New, application-specific materials are becoming increasingly important in Additive Manufacturing (AM). The number of customized materials that are manufacturable (crack-free) with laser-based AM and/or make targeted use of AM-typical process conditions, such as high cooling rates (up to 10^7 K/s), to achieve specific microstructures and properties is still very limited. To accelerate alloy development, which takes years traditionally, both simulative and experimental approaches have been pursued. Simulations usually cannot predict microstructures of laser-AM fabricated samples accurately because of the high cooling rates. Experimental methods of powder-bed based processes are usually limited to one alloy composition per build job, demanding a high amount of metal powder with the alloy composition and considerable time.
High-speed Laser Directed Energy Deposition (HS DED-LB) has the potential to investigate new material systems quickly and resource-efficiently. In contrast to powder-bed based processes, the alloy composition can be changed within a few seconds and less metal powder is needed for sample production due to the local powder supply. Cooling conditions can be varied over a wide range by adjusting the process parameters, reaching those of the laser-based powder bed fusion (PBF-LB/M).

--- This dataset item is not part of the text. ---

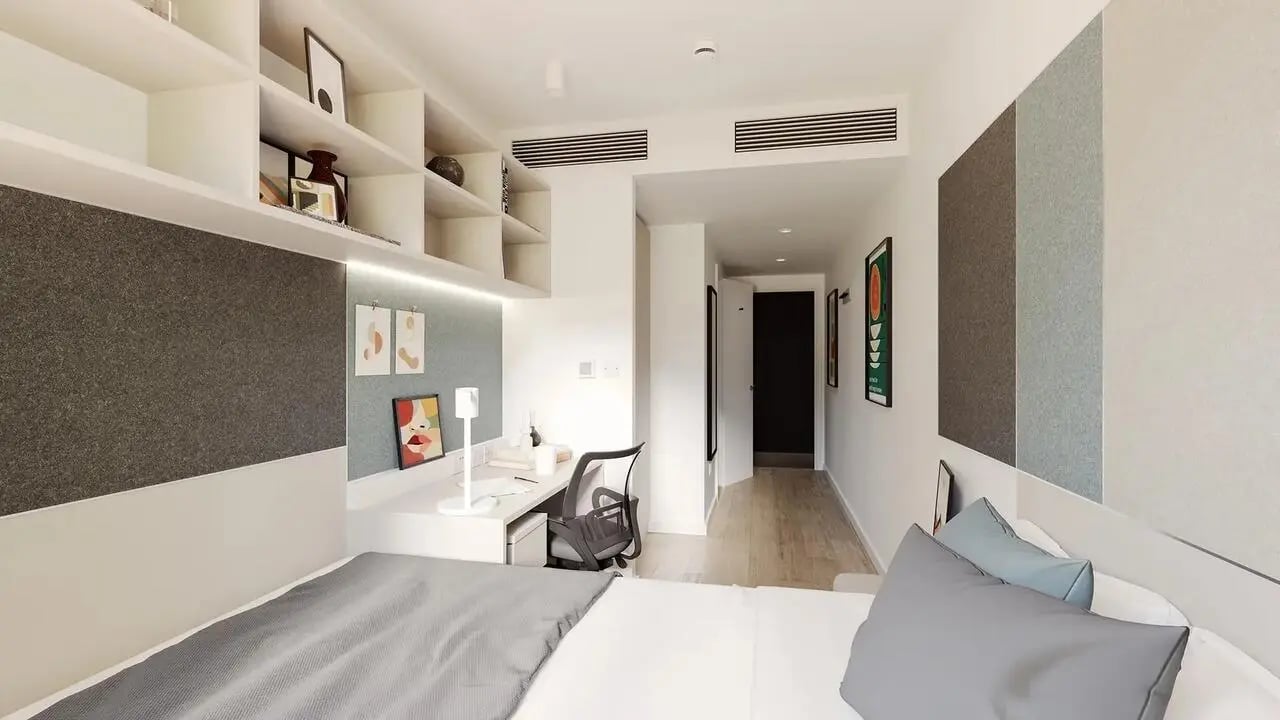 Bed desk shelving and doorway bedroom at Signal House in London Student Accommodation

As of today, the exact relationships between the process parameters in HS DED-LB (e.g. laser power, process speed, powder mass flow, and gas flows) and solidification conditions, microstructural parameters, and mechanical properties are not known. To use the HS DED-LB process for the alloy development of a range of melt-based manufacturing processes (such as PBF-LB/M), these correlations must be determined.

In this work, the first findings on the main factors influencing the HS DED-LB process on solidification cell size (as an indirect means for solidification conditions), hardness, and change in chemical composition due to processing of 316L are presented. The parameters with the greatest influence on the investigated material properties are then explored in more detail.
With the established correlations of process parameters and material properties, HS DED-LB processes can be easily adapted to emulate solidification conditions of other melt-based processes such as PBF-LB/M to accelerate alloy development. Additionally, existing HS DED-LB/M processes can be fine-tuned with regards to desired microstructure, hardness and change in chemical composition more quickly .